Your output should be everything below from the line containing "Foto 1:87 DAF" down to the line containing "Vaas Cubistic Round", both ends included, copied exactly, with pictures left out.

(Data in this exercise begins)

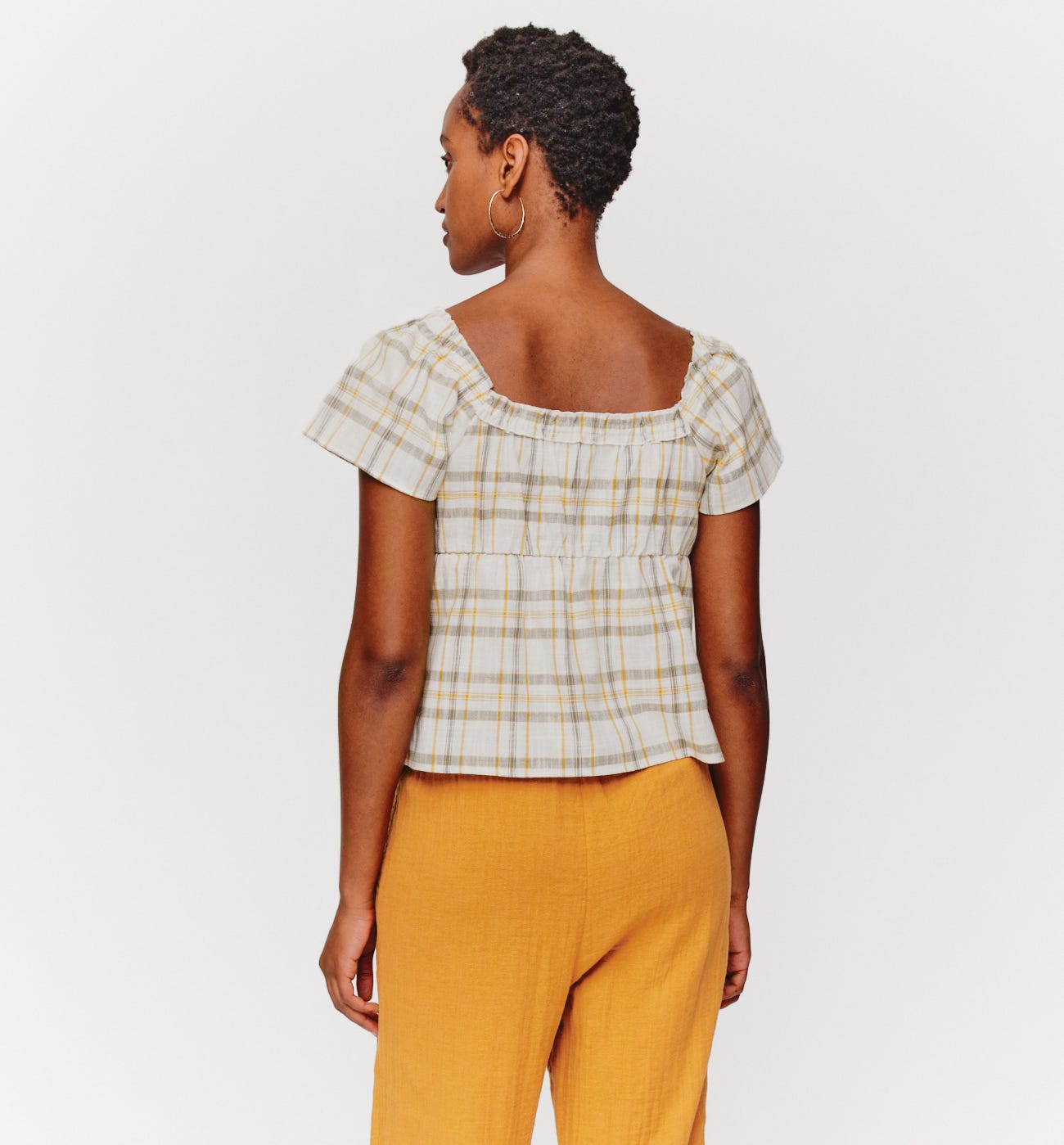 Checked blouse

(Data in this exercise ends)
(Data in this exercise begins)

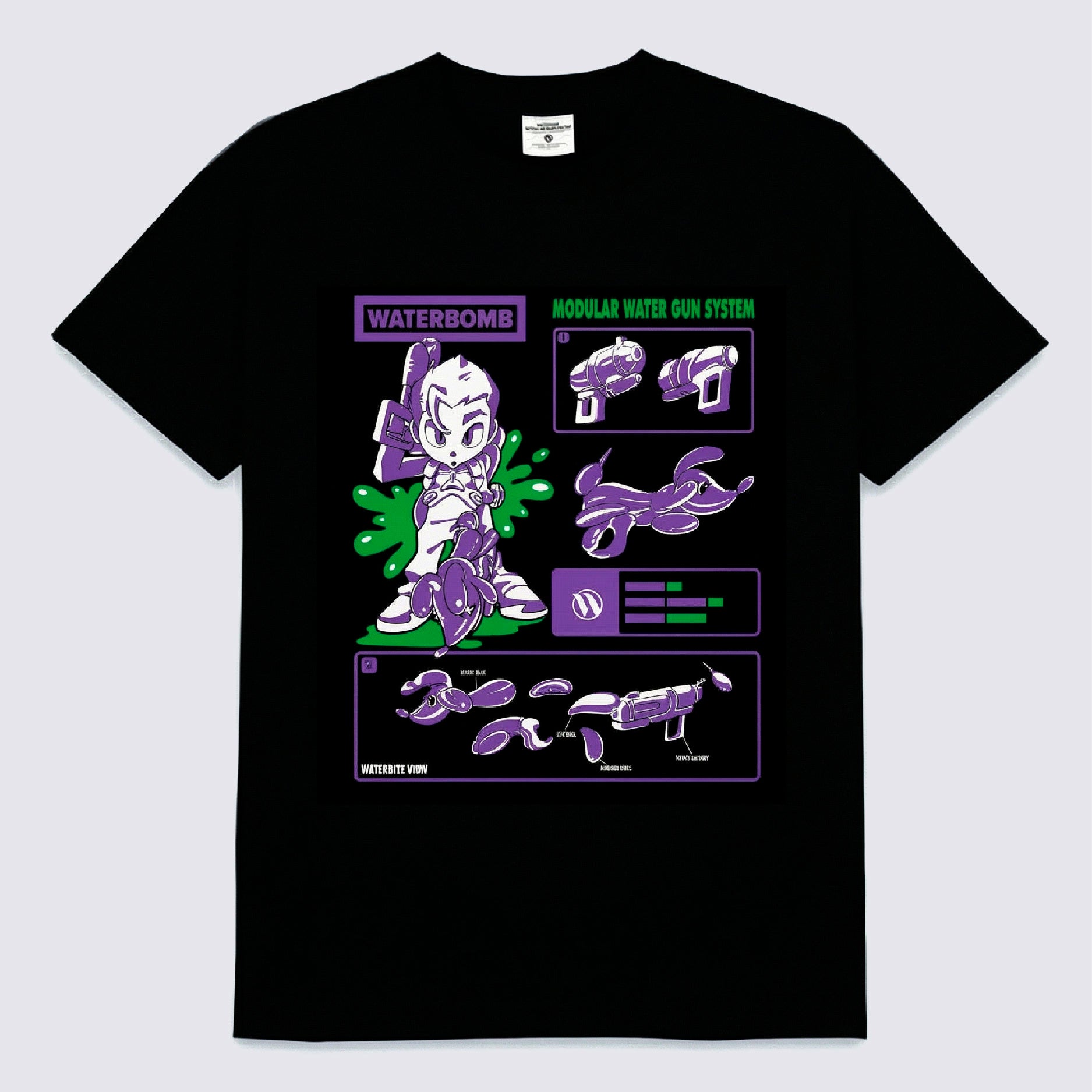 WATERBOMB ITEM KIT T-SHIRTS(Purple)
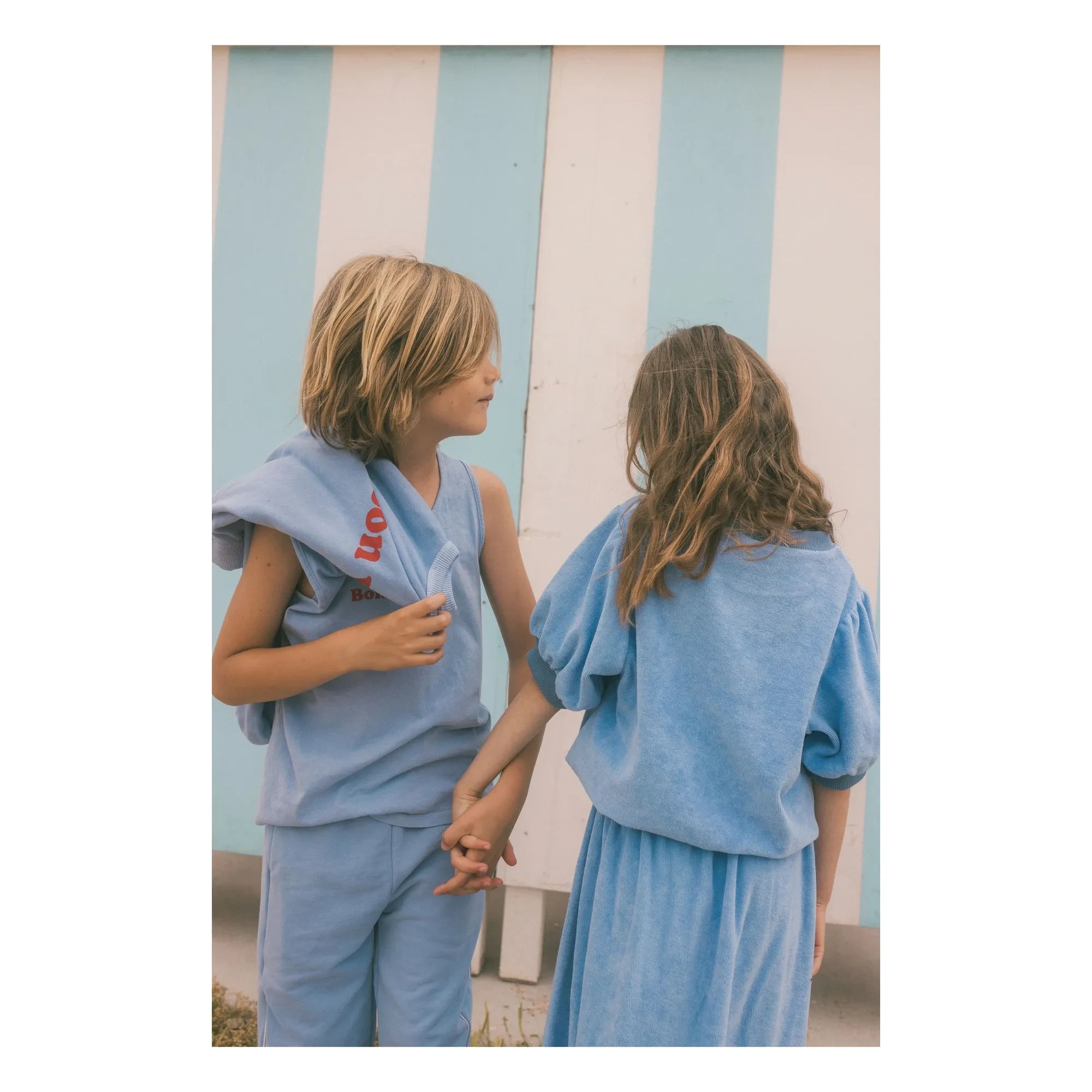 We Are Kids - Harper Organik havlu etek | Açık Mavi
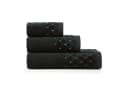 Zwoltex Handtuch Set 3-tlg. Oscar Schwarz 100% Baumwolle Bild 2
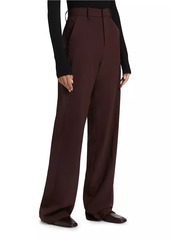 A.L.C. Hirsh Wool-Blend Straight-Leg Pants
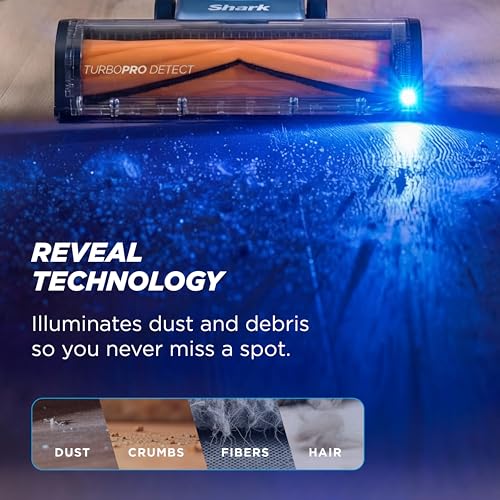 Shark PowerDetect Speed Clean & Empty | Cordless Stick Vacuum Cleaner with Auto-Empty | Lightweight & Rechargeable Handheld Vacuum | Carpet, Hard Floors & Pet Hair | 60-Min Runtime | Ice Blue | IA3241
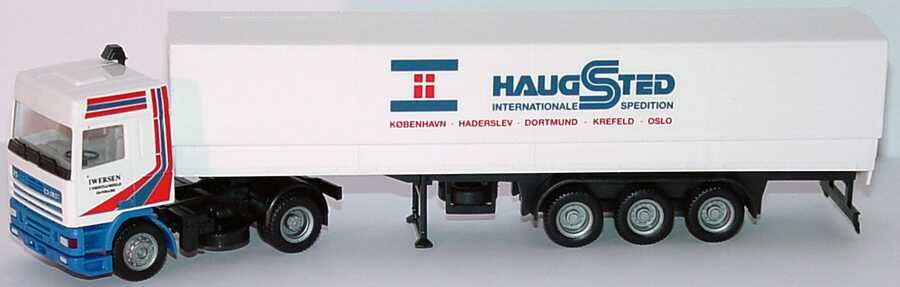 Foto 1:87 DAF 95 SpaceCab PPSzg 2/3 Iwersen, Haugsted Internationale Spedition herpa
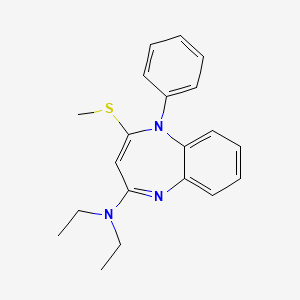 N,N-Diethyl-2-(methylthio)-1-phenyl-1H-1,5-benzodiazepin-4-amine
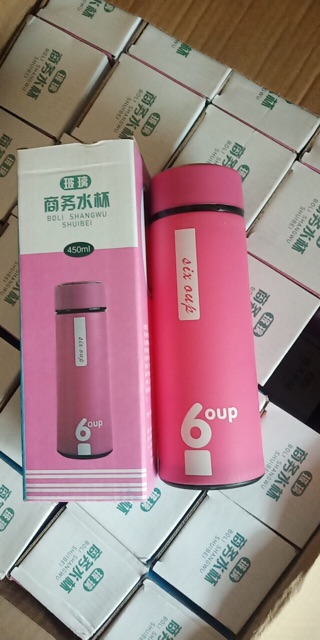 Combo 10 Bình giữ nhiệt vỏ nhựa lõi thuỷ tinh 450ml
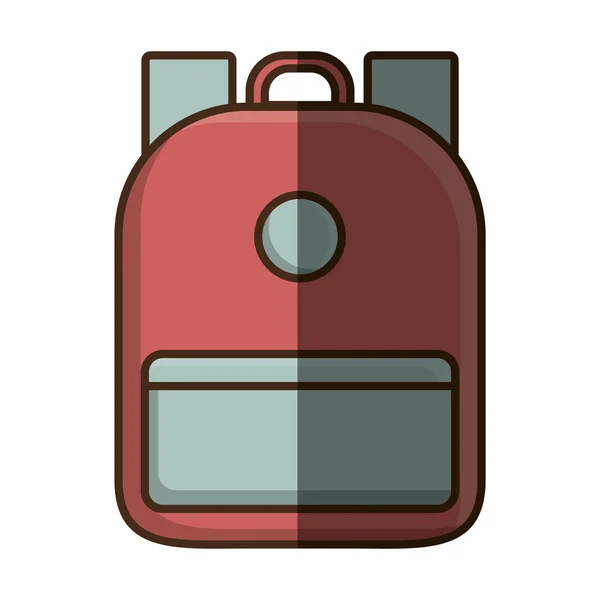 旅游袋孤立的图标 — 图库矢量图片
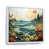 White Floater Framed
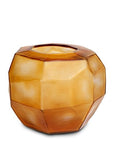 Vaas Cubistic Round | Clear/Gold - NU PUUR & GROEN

(Data in this exercise ends)
(Data in this exercise begins)

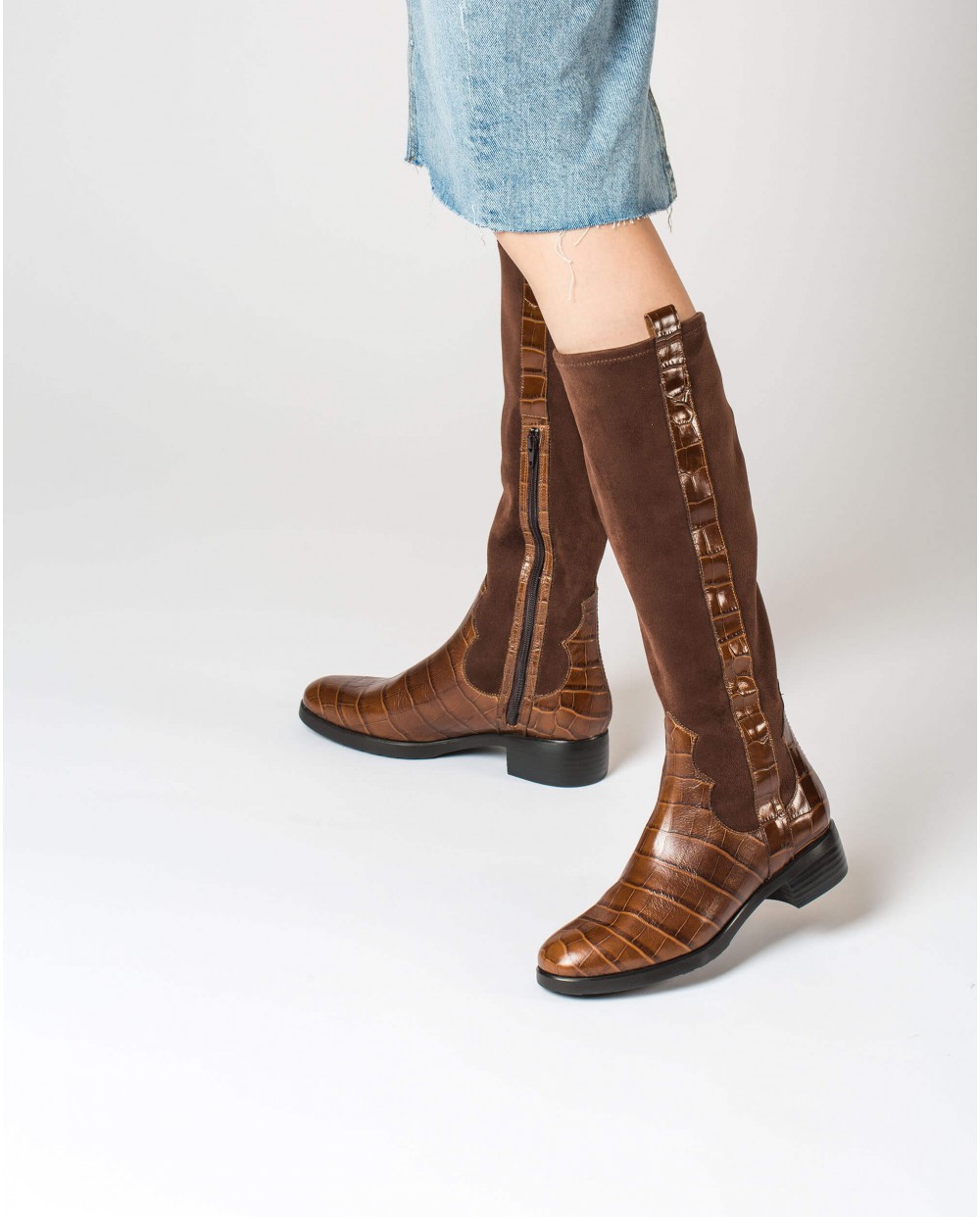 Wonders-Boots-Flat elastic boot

(Data in this exercise ends)

*Written response*
 Foto 1:87 DAF 95 SpaceCab PPSzg 2/3 Iwersen, Haugsted Internationale Spedition herpa
 N,N-Diethyl-2-(methylthio)-1-phenyl-1H-1,5-benzodiazepin-4-amine
 Combo 10 Bình giữ nhiệt vỏ nhựa lõi thuỷ tinh 450ml
 旅游袋孤立的图标 — 图库矢量图片
 White Floater Framed
 Vaas Cubistic Round | Clear/Gold - NU PUUR & GROEN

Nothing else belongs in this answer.